Là où le film rentre le plus rigoureusement dans la théorie de la photogénie, donc de l’expression la plus pure du cinéma, réside dans son esthétique : sans cesse, Aronofsky pointe la capacité du cinéma d’augmenter et intensifier les choses, non seulement visuellement mais aussi sensiblement, afin d’en relever la justesse la plus intime des lieux et des figures.



[…] Un gros plan de revolver, ce n’est plus un revolver, c’est le
personnage-revolver, c’est-à-dire le désir ou le remords du crime […]



...écrit Epstein, qui n’aurait certainement pas renié le travail de Aronofsky conférant dans chaque plan de Requiem for a Dream (que nous verrons aussi prochainement dans Black Swan en 2010 ou autre Mother! en 2017) une histoire archaïque des objets. On pense notamment aux ustensiles tels que le poste téléviseur, le réfrigérateur, les personnages d’une série télévisée ainsi que les pilules amphétamines, s’adressant directement à la pauvre Sara en proie à de terribles hallucinations. La séquence en question soumet pour la première fois explicitement son personnage à l’omniscience de ses désirs (c’est-à-dire respectivement le désir d’être invité à une émission télévisée, une gourmandise refoulée, la popularité, la consommation des pilules), leur attribuant une figure propre et contribuant à la subjectivité persuasive entre horreur et humour dit juif.
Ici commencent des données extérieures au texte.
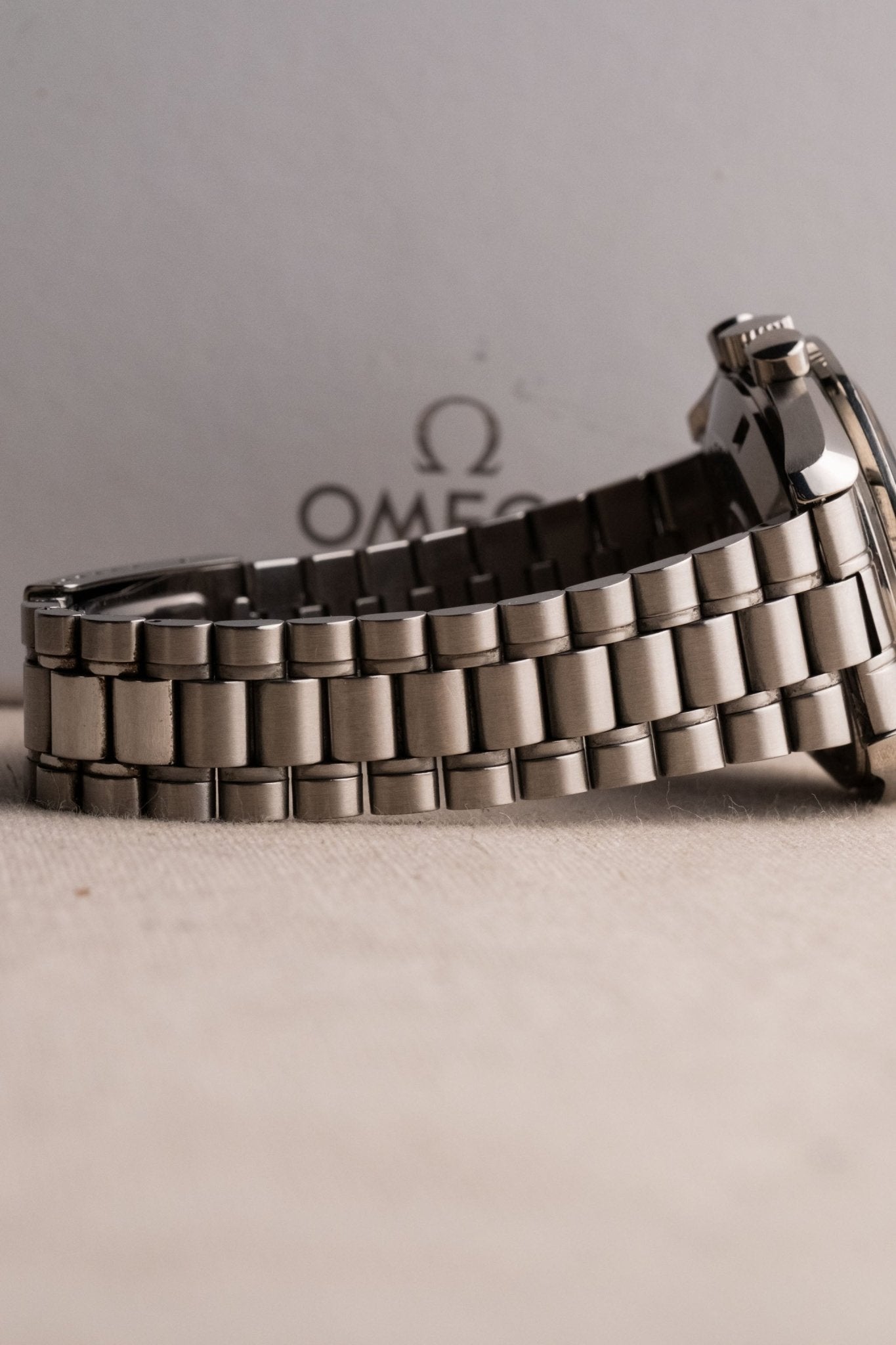 1993 OMEGA Speedmaster Professional “Moonwatch” Hesalite Ref. 3590.50 - Wristory
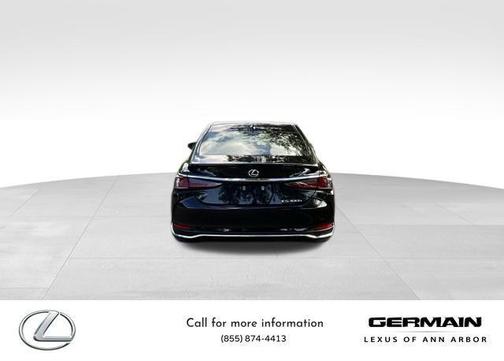 2025 Lexus ES 300h Base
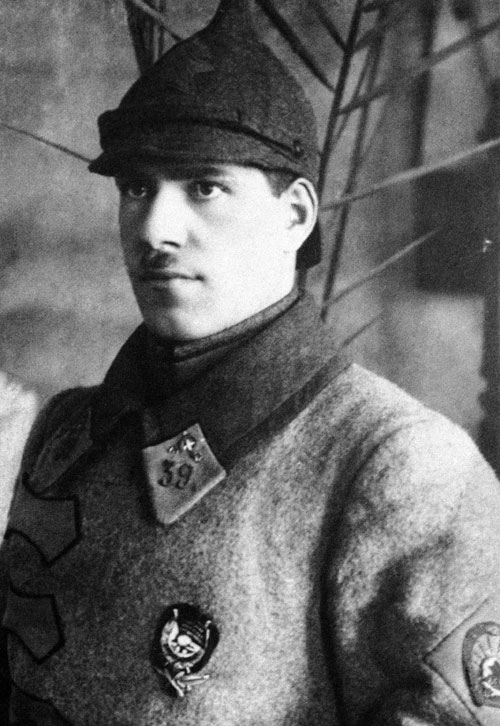 В 1923 г. носил модные чаплинские усики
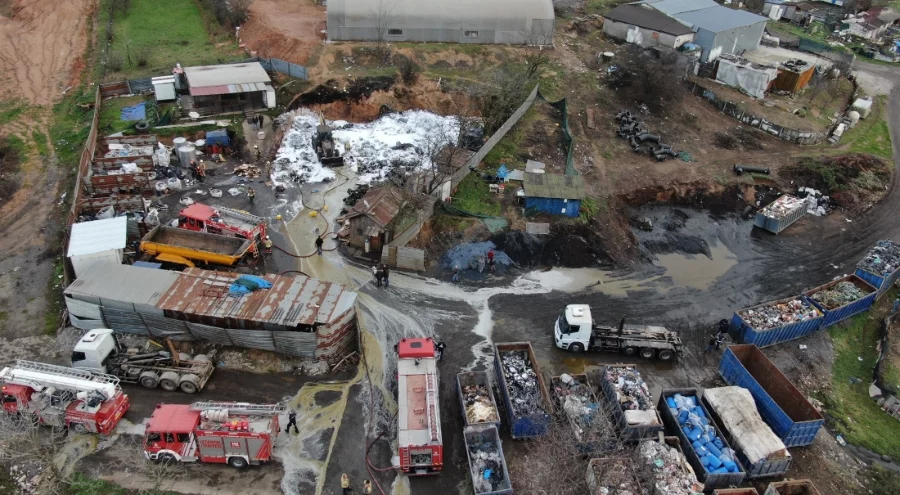 İstanbul'da geri dönüşüm deposunda yangın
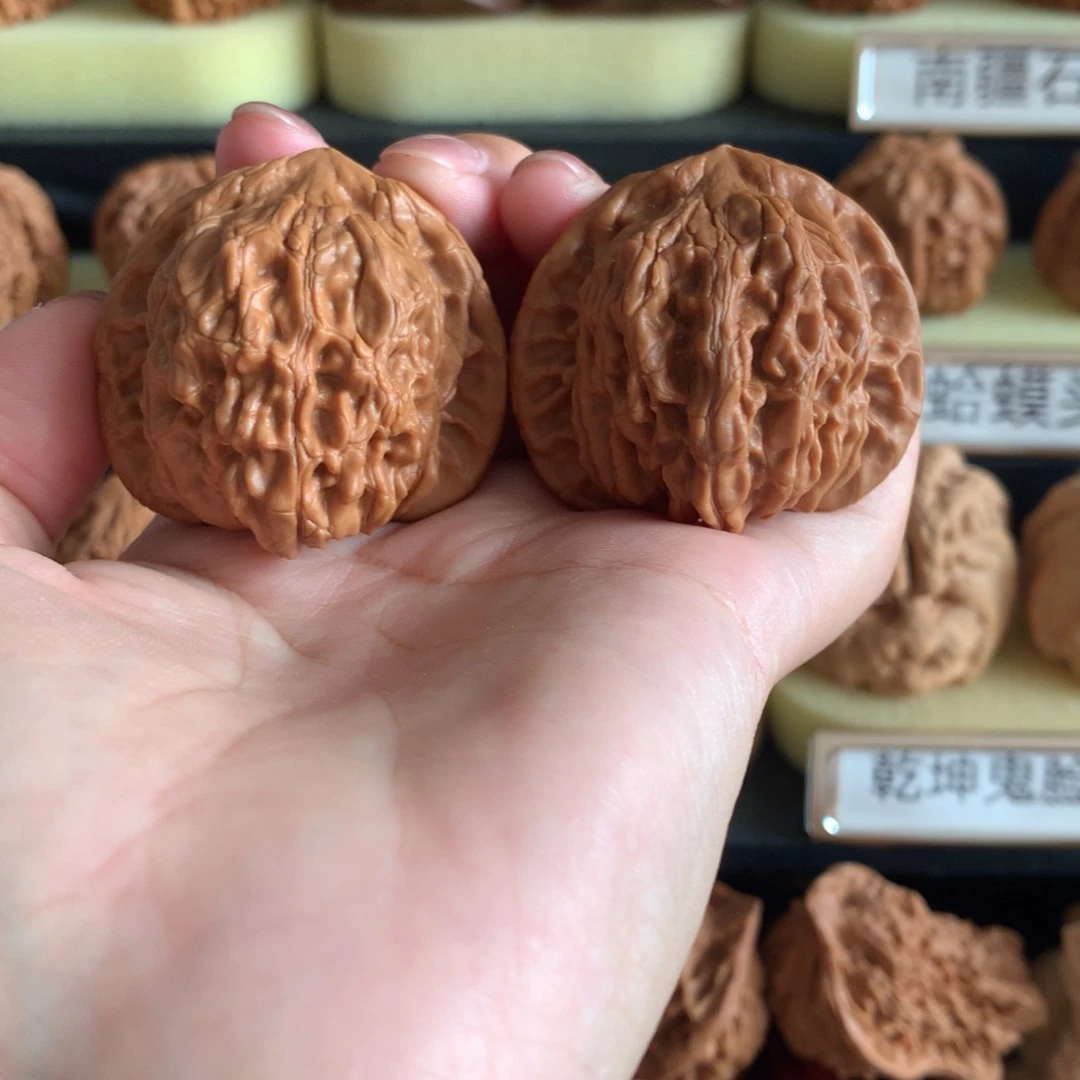 跳***核桃核吊坠沈阳四眼42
Ajoutons à cela, la richesse des échelles de plans et des variations de vitesse de l’image par lesquels Aronofsky s’interdit la narration traditionnelle comme moyen d’expression. Ainsi les attentes du spectateur se retrouvent déplacées du récit cinématographique, au pouvoir des images ; la sensibilité prend le pas sur la narration.


Néanmoins, peut-on réellement parler de qualité morale pour ce film ?



Seuls les aspects mobiles du monde, des choses et des âmes, peuvent
voir leur valeur morale accrue par la reproduction cinématographique.



En donnant vie à l’inanimé, Aronofsky ponctue son film d’images fortement révélatrices du train de vie des junkies ; avec un tel parti pris, le concept du beau énoncé par Epstein est plutôt réfuté. L’âme du film réside davantage dans un certain discours critique porté par les images. Effectivement, les deux drogues de la mère représenteraient les deux facettes du cinéma, l’art cinématographique (représenté par la télévision) et l’industrie cinématographique (représentée par les amphétamines dans la mesure où ce sont elles qui en droit, assurent la crédibilité du personnage aux yeux des spectateurs). Deux êtres indissociables définis de la sorte par Epstein :



On demande un chirurgien qui séparerait ces deux frères ennemis sans
les tuer, ou un psychologue qui aplanirait les incompatibilités
entre les deux cœurs.



Requiem for a Dream définit brillamment l’âme du texte de Jean Epstein avec une véritable leçon de mise en scène, riche en non-dits et fascinante, pour un film choc, le plus abouti de son auteur, captant à tout instant la mouvance des objets pour intensifier le statut de film du réel. Un devoir de cinéaste du réel comme il en sort rarement, époustouflant et fascinant.